### Data below:
"""

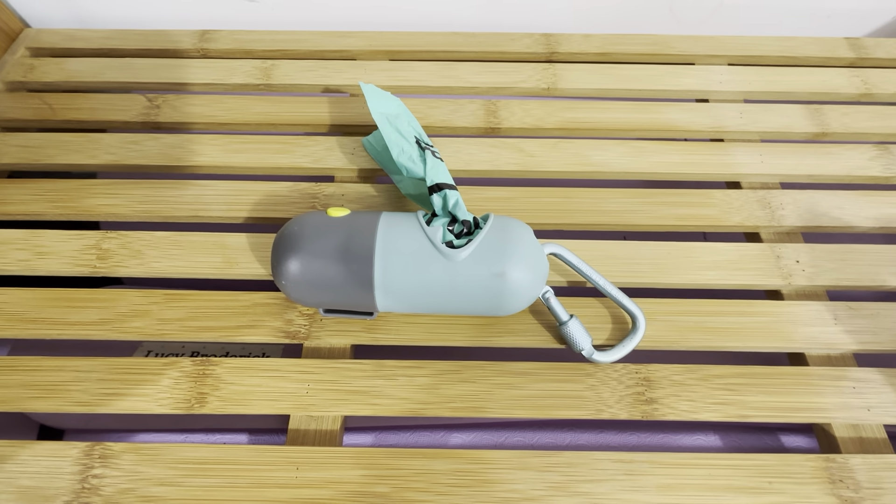It's got a loop here if you wanted to put this on some sort of belt loop. I never use that — I just use this hook. It goes on really nice.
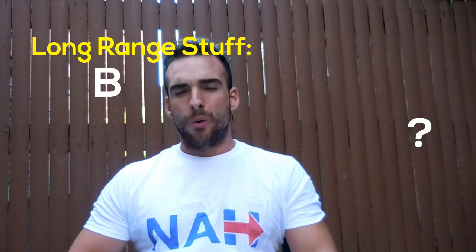Hey guys, I want to talk today about break-in periods for the rifle. I get a lot of questions on this — what's the best way and what procedures to use for breaking in your rifles? There's a lot of talk about this online, so I figured this would be a good video to address it.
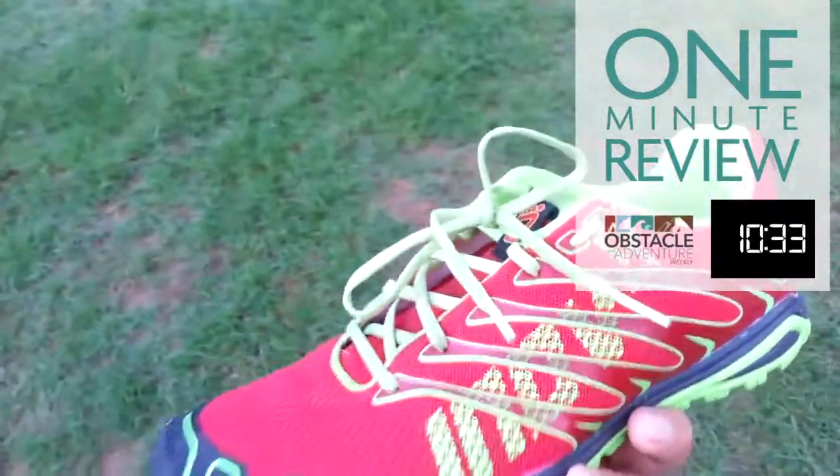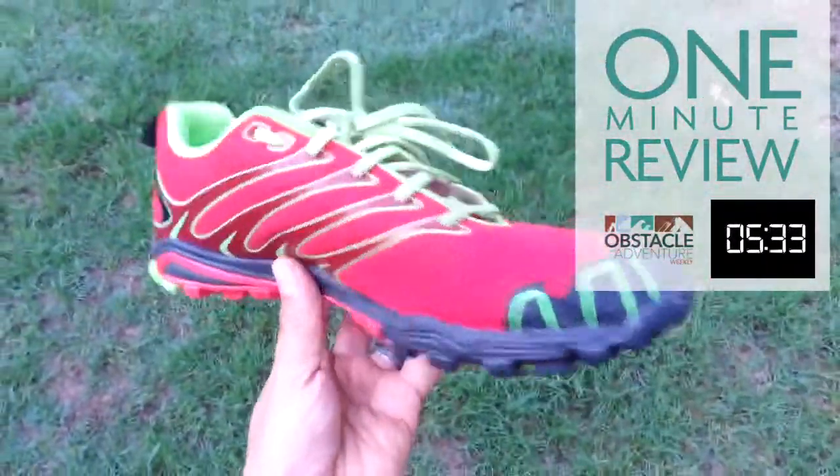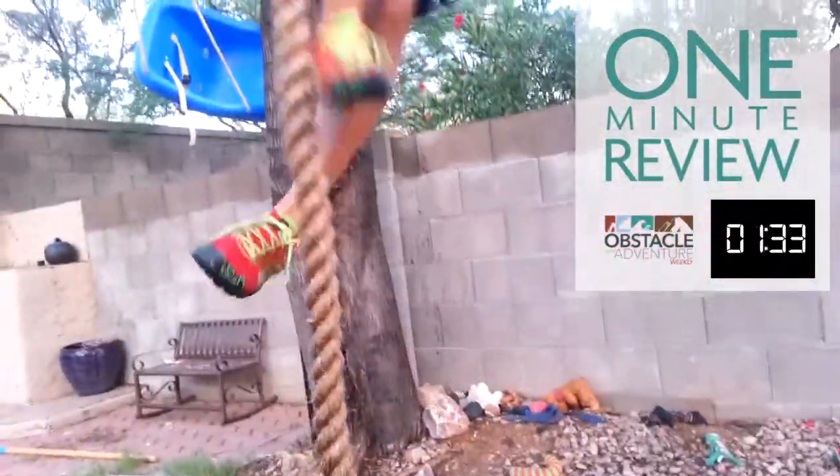You can find these pretty much anywhere, starting from $85 and up. Great for training and racing.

"""

### How to complete this task:
Leaving the images out, retype all the material above exactly.

### Written reply:
It's got a loop here if you wanted to put this on some sort of belt loop. I never use that — I just use this hook. It goes on really nice.
Hey guys, I want to talk today about break-in periods for the rifle. I get a lot of questions on this — what's the best way and what procedures to use for breaking in your rifles? There's a lot of talk about this online, so I figured this would be a good video to address it.
You can find these pretty much anywhere, starting from $85 and up. Great for training and racing.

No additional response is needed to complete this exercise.